In any case, Dr. Chao. That's because speed is not a simple function of fitness. "Endurance is all about biomechanical efficiency," he says. "There's a capacity for efficiency." If you're running, swimming, or cycling, a bit of energy waste at each step or stroke can add extra seconds and minutes to the end time. But optimizing your form in these sports is hard because they repeat so often. "They're trying to unlearn this pattern of movement, which is anchored in your brain for literally a million repetitions," Dr. Chao.

As the brain temporarily becomes more neuroplastic, tDCS can facilitate the transformation of these deeply grooved patterns of movement. "I think it's like loosening my motor cortex so I can reprogram myself," Dr. Chao (who, so to speak, is not just a scientist and an inventor, but also a damn strong cyclist). That's exactly the advantage that Talansky has found.
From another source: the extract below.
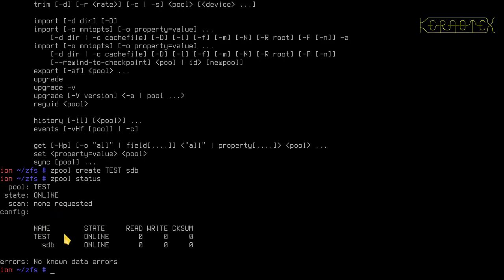Obviously in this basic setup where we've only got one disk, you can see straight away there's one VDEV, if that failed the whole pool has failed. Simple. So I'll point this out as we go on, I'll point out the VDEVs and I'll point out the points of failure as well on different configurations that I'll create.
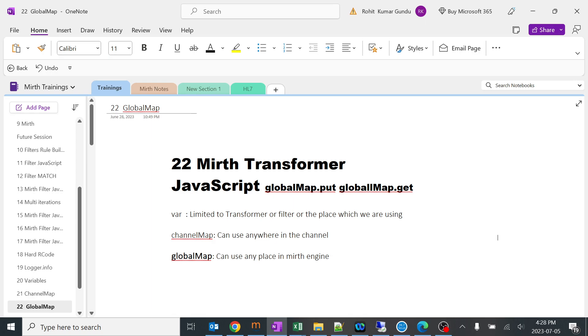Today we are going to learn about global map. As we discussed variables and channel map variables, the scope is limited for both of them. For global maps, the scope is limited to the complete MIRTH integration engine.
As a middle school swimmer, he had just enough experience to persist bad habits – especially one arm that swung too far while the other crossed the midline. As a relative junior driver of the Ironman at the age of 29, he did not want to waste any time. "It allowed me to swim, I think, much better than most people without a heavy swim, after basically swimming for eight months," he says.

There is also strong data showing that tDCS improves brain endurance. In his studies for the Air Force, McKinley has gone deep into his effects on cognitive fatigue and examined the ability of subjects to maintain their attention during actual tasks, such as image sorting with and without brain stimulation. Subjects in the control group usually lose focus quickly after 20 minutes. "What we find when we add stimulation is that the decline is eliminated for about six hours," says McKinley. 6 hours!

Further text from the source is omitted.